Description of problem:
No data in grafana dashboard.
Version-Release number of selected component (if applicable):
- Promethues installation done completely
- All pods are running
- Prometheus targets are available
<snip sample output>
- All pods are running no pod restart.
[root@master-0 ~]# oc get pods
NAME READY STATUS RESTARTS AGE
alertmanager-main-0 3/3 Running 13 10d
alertmanager-main-1 3/3 Running 0 6d
alertmanager-main-2 3/3 Running 0 6d
cluster-monitoring-operator-6f5fbd6f8b-qxg5c 1/1 Running 6 10d
grafana-857fc848bf-lljwm 2/2 Running 7 10d
kube-state-metrics-75c4d6dc-ffs7j 3/3 Running 8 10d
node-exporter-896gs 2/2 Running 0 18h
node-exporter-jd8rx 2/2 Running 4 10d
node-exporter-qxfhr 2/2 Running 2 10d
node-exporter-t92fz 2/2 Running 0 1d
node-exporter-xmqf2 0/2 Completed 0 10d
node-exporter-zbqlv 2/2 Running 3 10d
prometheus-k8s-0 4/4 Running 1 6d
prometheus-k8s-1 0/4 Unknown 1 10d
prometheus-operator-7855c8646b-659w6 0/1 Unknown 0 10d
prometheus-operator-7855c8646b-dxhnz 1/1 Running 5 6d
Steps to Reproduce:
I tried to reproduce this but I can't. I spin up a v3.11 openshift cluster and I can access Grafana dashboard and see all the data.

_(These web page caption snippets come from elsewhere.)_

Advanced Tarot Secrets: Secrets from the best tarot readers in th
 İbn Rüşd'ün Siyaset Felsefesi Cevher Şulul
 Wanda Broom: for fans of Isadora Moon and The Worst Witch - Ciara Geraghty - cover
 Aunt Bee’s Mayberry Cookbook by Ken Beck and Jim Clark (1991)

Can you provide additional information. Cluster events, logs from grafana container would be useful. How long was the cluster up and running? Anything else failing besides grafana?
Also I noticed it says "- All pods are running no pod restart." But in the output of the ` oc get pods` command it seems like multiple pods were restarted. Can you clarify that. Thanks!
Another question, it says "- Promethues installation done completely ", does this mean the installation was done manually?
Thanks for the access to the logs. While having a look at the grafana logs, we noticed that grafana itself seems to be having problems with a locked database table. We suggest to delete the grafana pod and see if this problem occurs again. (There are many upstream issues open about this on grafana itself . If data in grafana is still not visible after the pod is deleted and restarted, can you provide the logs and events again. Thank you.
FYI: We could not reproduce this on a new cluster.
The pod has been deleted and still the issue persists.
Infact the logs provided are after restarting the pod again.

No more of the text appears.